+++ THE DATA +++

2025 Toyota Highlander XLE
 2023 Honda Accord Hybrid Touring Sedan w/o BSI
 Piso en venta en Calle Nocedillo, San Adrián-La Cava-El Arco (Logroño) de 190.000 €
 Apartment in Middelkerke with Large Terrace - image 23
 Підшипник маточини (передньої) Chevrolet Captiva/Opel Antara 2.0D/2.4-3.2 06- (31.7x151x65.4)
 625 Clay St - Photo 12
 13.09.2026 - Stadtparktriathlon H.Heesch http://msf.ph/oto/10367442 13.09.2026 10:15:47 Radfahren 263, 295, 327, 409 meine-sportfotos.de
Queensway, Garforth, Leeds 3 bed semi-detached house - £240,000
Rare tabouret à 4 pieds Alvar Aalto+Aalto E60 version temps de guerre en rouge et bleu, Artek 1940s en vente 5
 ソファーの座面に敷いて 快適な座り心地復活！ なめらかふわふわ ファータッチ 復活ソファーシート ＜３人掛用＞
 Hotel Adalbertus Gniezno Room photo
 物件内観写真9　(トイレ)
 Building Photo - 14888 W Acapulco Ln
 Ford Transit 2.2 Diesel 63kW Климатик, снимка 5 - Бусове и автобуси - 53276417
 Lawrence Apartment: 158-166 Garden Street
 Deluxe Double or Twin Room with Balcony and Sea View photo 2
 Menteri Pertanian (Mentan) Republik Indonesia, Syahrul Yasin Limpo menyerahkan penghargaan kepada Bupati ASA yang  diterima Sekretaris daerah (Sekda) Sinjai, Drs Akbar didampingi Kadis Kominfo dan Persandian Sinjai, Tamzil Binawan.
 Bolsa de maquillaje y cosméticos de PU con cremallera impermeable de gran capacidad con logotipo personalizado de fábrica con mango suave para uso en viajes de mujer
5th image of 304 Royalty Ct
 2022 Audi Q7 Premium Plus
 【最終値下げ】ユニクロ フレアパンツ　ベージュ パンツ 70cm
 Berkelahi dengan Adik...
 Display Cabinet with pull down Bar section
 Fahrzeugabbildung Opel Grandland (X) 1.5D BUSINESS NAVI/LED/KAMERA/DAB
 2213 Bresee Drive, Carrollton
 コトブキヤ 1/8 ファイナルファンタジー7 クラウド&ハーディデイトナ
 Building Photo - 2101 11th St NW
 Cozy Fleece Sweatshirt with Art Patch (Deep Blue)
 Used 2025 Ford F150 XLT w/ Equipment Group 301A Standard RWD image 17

+++

• EXERCISE:
Where in the entries above does the word "image" appear? Copy each line that has it.

• THE COMPLETED TASK:
 Apartment in Middelkerke with Large Terrace - image 23
5th image of 304 Royalty Ct
 Used 2025 Ford F150 XLT w/ Equipment Group 301A Standard RWD image 17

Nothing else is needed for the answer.